**What you will do**
The expected output is the line holding "Operações intensificam combate" plus every line after it through the end of the listing, copied exactly.

== Source material ==

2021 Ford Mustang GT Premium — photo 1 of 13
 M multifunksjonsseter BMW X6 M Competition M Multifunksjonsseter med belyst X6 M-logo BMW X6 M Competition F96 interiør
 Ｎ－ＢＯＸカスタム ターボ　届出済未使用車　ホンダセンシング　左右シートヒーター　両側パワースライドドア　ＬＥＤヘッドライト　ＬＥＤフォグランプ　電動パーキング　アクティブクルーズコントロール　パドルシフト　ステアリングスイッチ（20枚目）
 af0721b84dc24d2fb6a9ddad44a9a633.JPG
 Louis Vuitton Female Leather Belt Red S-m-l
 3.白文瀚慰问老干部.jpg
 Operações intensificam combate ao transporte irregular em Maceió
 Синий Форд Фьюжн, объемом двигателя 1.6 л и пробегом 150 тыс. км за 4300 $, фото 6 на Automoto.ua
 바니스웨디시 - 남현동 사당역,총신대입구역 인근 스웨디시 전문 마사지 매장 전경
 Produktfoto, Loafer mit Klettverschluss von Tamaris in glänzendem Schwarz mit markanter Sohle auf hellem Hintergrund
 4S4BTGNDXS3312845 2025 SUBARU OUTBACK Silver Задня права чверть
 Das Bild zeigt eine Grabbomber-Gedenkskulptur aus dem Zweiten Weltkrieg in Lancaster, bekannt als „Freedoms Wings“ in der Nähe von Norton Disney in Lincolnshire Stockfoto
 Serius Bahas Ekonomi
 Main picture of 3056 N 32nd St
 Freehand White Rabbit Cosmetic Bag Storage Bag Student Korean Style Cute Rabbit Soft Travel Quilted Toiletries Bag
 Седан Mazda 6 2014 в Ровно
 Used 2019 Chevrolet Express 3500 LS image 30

===

**Final answer**
 Operações intensificam combate ao transporte irregular em Maceió
 Синий Форд Фьюжн, объемом двигателя 1.6 л и пробегом 150 тыс. км за 4300 $, фото 6 на Automoto.ua
 바니스웨디시 - 남현동 사당역,총신대입구역 인근 스웨디시 전문 마사지 매장 전경
 Produktfoto, Loafer mit Klettverschluss von Tamaris in glänzendem Schwarz mit markanter Sohle auf hellem Hintergrund
 4S4BTGNDXS3312845 2025 SUBARU OUTBACK Silver Задня права чверть
 Das Bild zeigt eine Grabbomber-Gedenkskulptur aus dem Zweiten Weltkrieg in Lancaster, bekannt als „Freedoms Wings“ in der Nähe von Norton Disney in Lincolnshire Stockfoto
 Serius Bahas Ekonomi
 Main picture of 3056 N 32nd St
 Freehand White Rabbit Cosmetic Bag Storage Bag Student Korean Style Cute Rabbit Soft Travel Quilted Toiletries Bag
 Седан Mazda 6 2014 в Ровно
 Used 2019 Chevrolet Express 3500 LS image 30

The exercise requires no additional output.